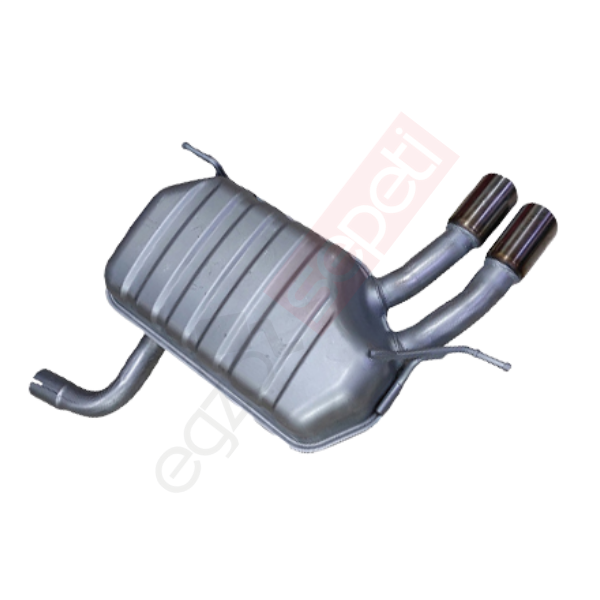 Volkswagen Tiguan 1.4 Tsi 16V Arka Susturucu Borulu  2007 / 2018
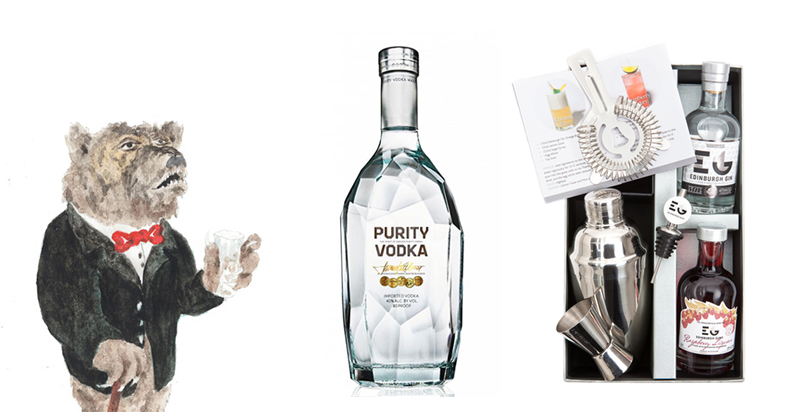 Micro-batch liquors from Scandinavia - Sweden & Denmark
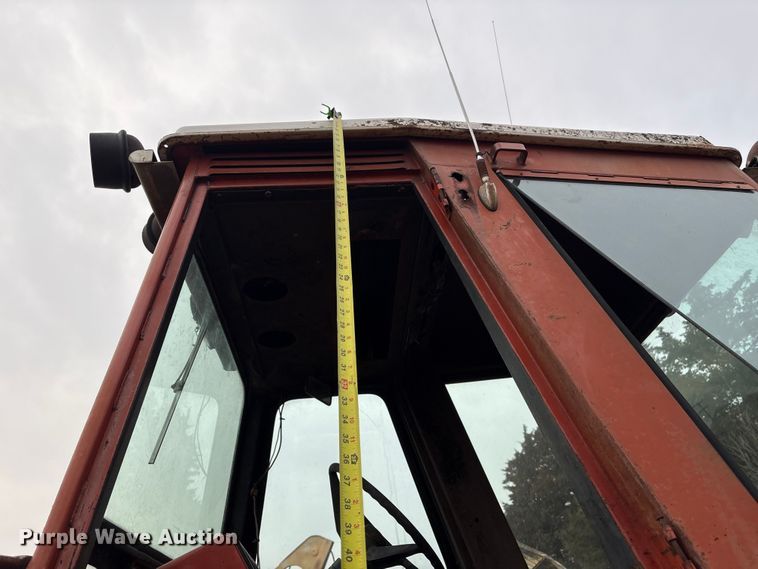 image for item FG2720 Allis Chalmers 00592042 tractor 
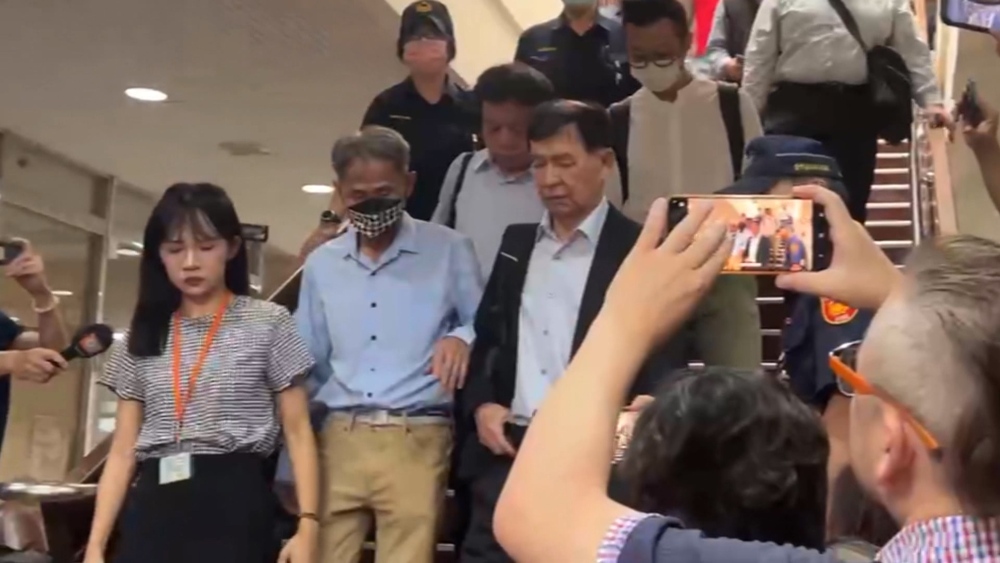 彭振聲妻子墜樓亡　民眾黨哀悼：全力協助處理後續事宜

==============================

WHAT YOU SHOULD DO:
Give back the material word for word and drop the pictures it holds.

SOLUTION TO THIS TASK:
 Volkswagen Tiguan 1.4 Tsi 16V Arka Susturucu Borulu  2007 / 2018
 Micro-batch liquors from Scandinavia - Sweden & Denmark
 image for item FG2720 Allis Chalmers 00592042 tractor 
 彭振聲妻子墜樓亡　民眾黨哀悼：全力協助處理後續事宜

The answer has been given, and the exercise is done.